### EXERCISE OBJECTIVE
Leaving out any pictures, transcribe every record exactly.

### SUPPLIED RECORDS

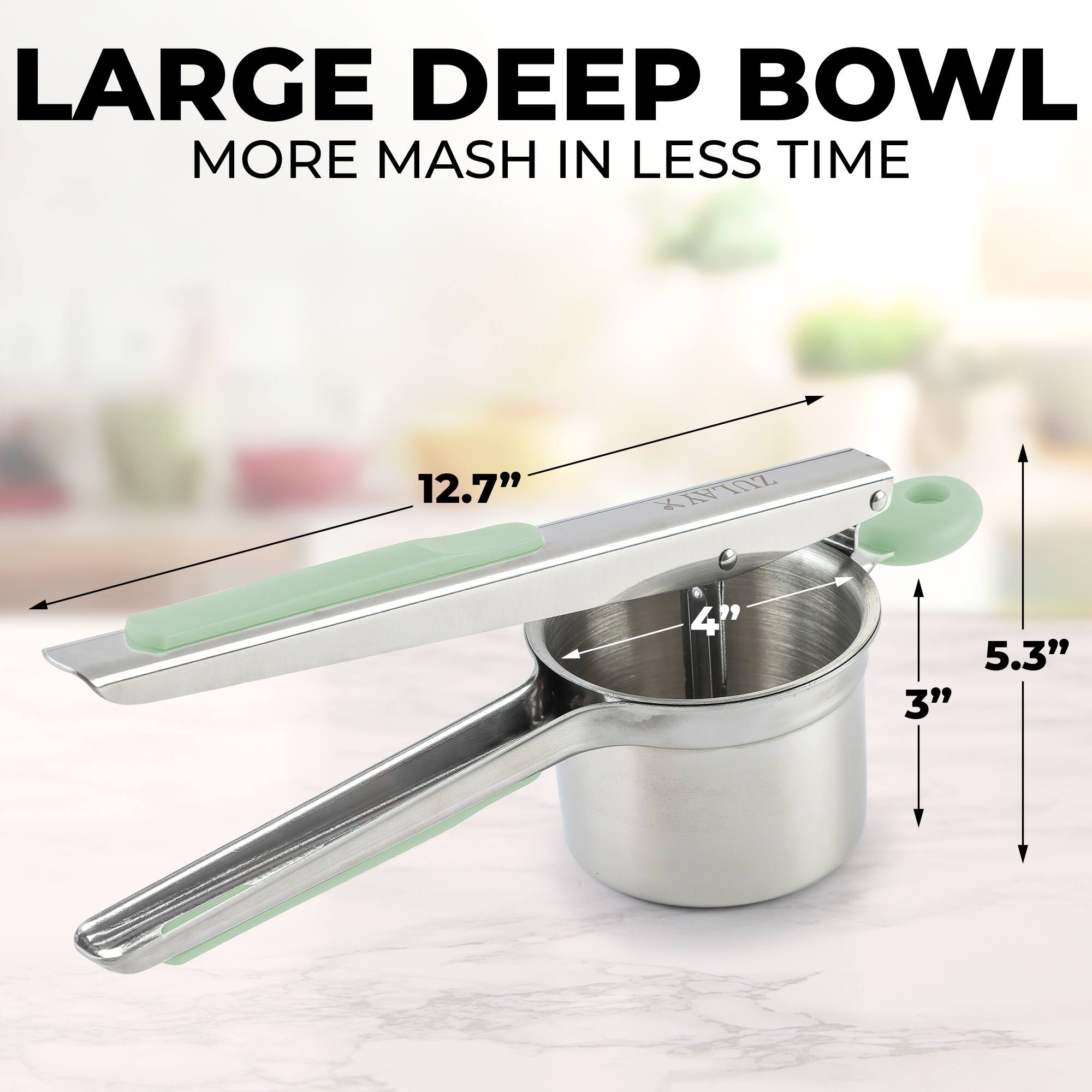 LARGE DEEP BOWL MORE MASH IN LESS TIME

12.7" ZULAY
4"
5.3"
3"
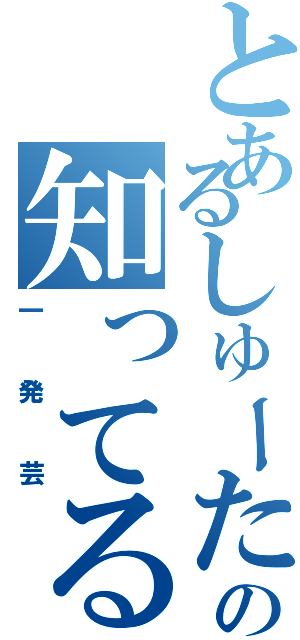 とあるしゅーたの知ってるよ、それ‼（一発芸）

### SOLUTION BELOW
 LARGE DEEP BOWL MORE MASH IN LESS TIME

12.7" ZULAY
4"
5.3"
3"
 とあるしゅーたの知ってるよ、それ‼（一発芸）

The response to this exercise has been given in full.